Richard Alexander, a scientist at the University of Michigan, applied Humphrey's ideas to the ascent of man. We are the one species on earth, he observed, that lives just about everywhere on the planet: desert, forests, penthouses, tundra, slums. We have learned to eliminate any threat to our survival from the environment. We deal with predators simply: fight back hard. So well have we fought back, in fact, that we now have to scramble to preserve some of those very predators from going extinct. For a long time now, forces of natural selection that act on other animals -- climate, predators, drought and so on -- have had no effect on the evolution of man. Thus they cannot be said to have contributed much to man's great intelligence.

Then what made us intelligent? "The only plausible [explanation]", wrote Alexander, "is to assume that humans uniquely became their own principal hostile forces of nature."

We ourselves became our own competition, the force that drove our evolution and intelligence. In that sense, you might say we invented ourselves.

[Continued here]


Anonymous said...

A little too early to quote this don't you think, since natural selection demonstrates itself over large time periods -
"For a long time now, forces of natural selection that act on other animals -- climate, predators, drought and so on -- have had no effect on the evolution of man. Thus they cannot be said to have contributed much to man's great intelligence."

Otherwise a very fresh perspective. Thanks.

- Z

Roy said...

never thought of Machiavelli this way! a refreshingly new view of man too..

km said...


So this never-ending desire to "improve" ourselves really is just a primal instinct.

Think I am going to defy this instinct and watch some TV :D

Rahul Siddharthan said...

I agree with anonymous (Z), it's a bit early to assess how evolution works in humans, and evolutionary biology isn't that simple anyway.

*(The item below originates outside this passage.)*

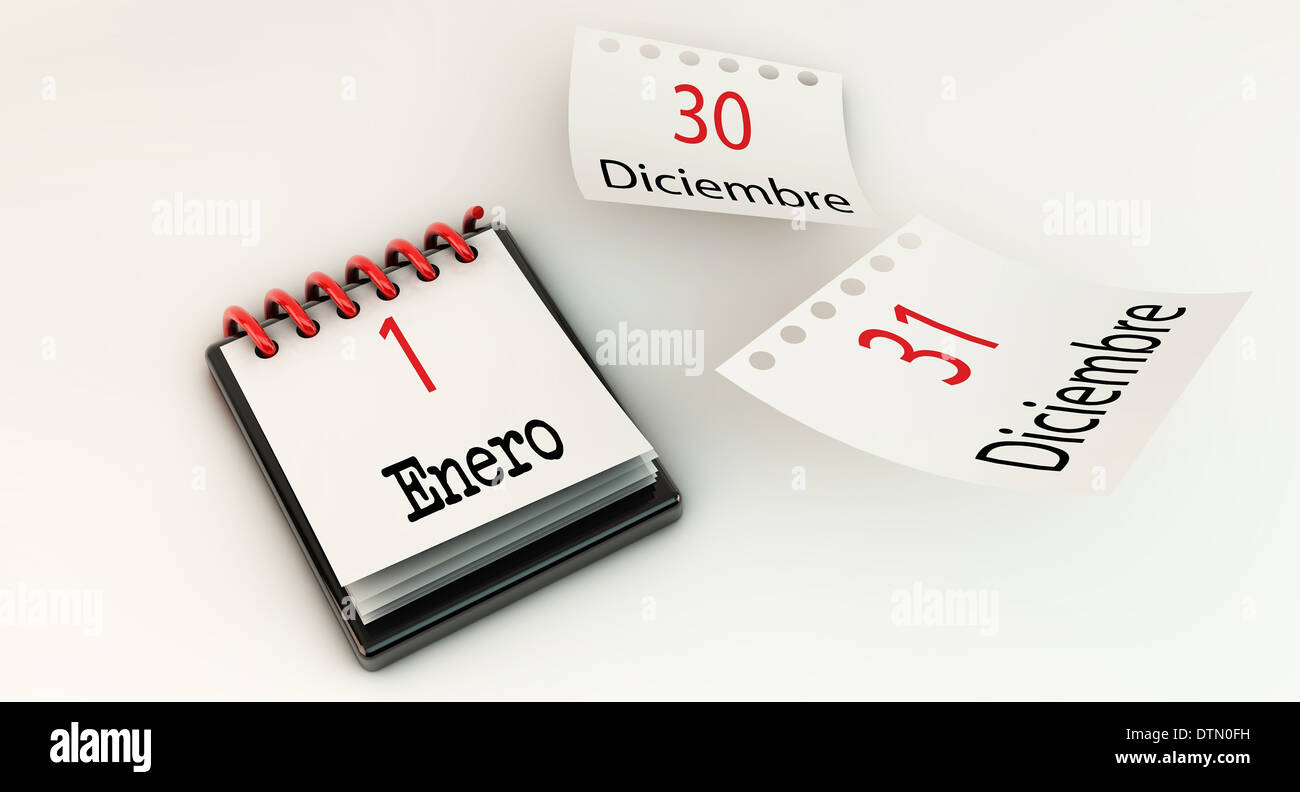 Il calendario 1 Gennaio e i fogli del 30 e 31 dicembre Foto Stock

My quite unsubstantiated guess is that human intelligence wasn't a gradual evolution from ape intelligence -- it was a sudden event (a mutation or gene duplication or something that suddenly conferred a much more powerful brain), and that new genotype then got rapidly fixated in the population. It probably first occurred in some hairy proto-human with opposable toes. The other phenotypic changes then occurred because this new intelligence rendered them advantageous (walking upright is useful if you can intelligently use your forelimbs, losing all that body hair is useful if you know how to wear animal skins in the winter, and so on...)

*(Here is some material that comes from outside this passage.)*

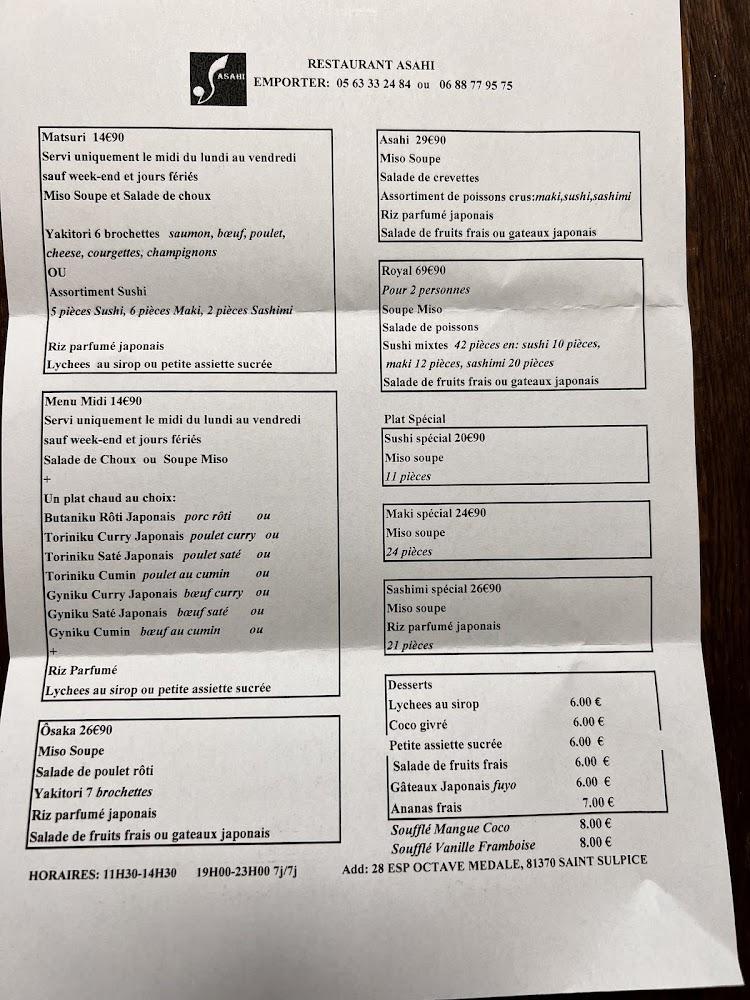 Asahi - Menu Image 1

Subsequent small improvements in intelligence may have occurred too, due to evolutionary pressures; but such gradual changes wouldn't explain the gap between gorillas/chimps and us.

But I'll wait for part 2.

Anonymous said...

A nice post, Dilip. Thanks to your post, I just read 'The Social Function of Intellect'. Made a very interesting read.

dhrugeese said...

Hey.. great post.
There's an interesting perspective that I heard recently: that neo-Darwinism (not necessarily Darwin himself!), (natural selection, survival of the fittest, portrayal of the natural world as perpetual conflict, randomness, etc) went very closely with the capitalist expansion in America, and therefore there was a push from the mainstream scientific establishment in favour of Darwin as opposed to the Lamarck perspective of evolution (peace, creativity, co-operation, purposiveness, and the like).

If any of you have the time, please do check out this ebook:

Another great book which gives some brilliant arguments for this perspective and restore this balance is called "The Way", by ecologist Edward Goldsmith.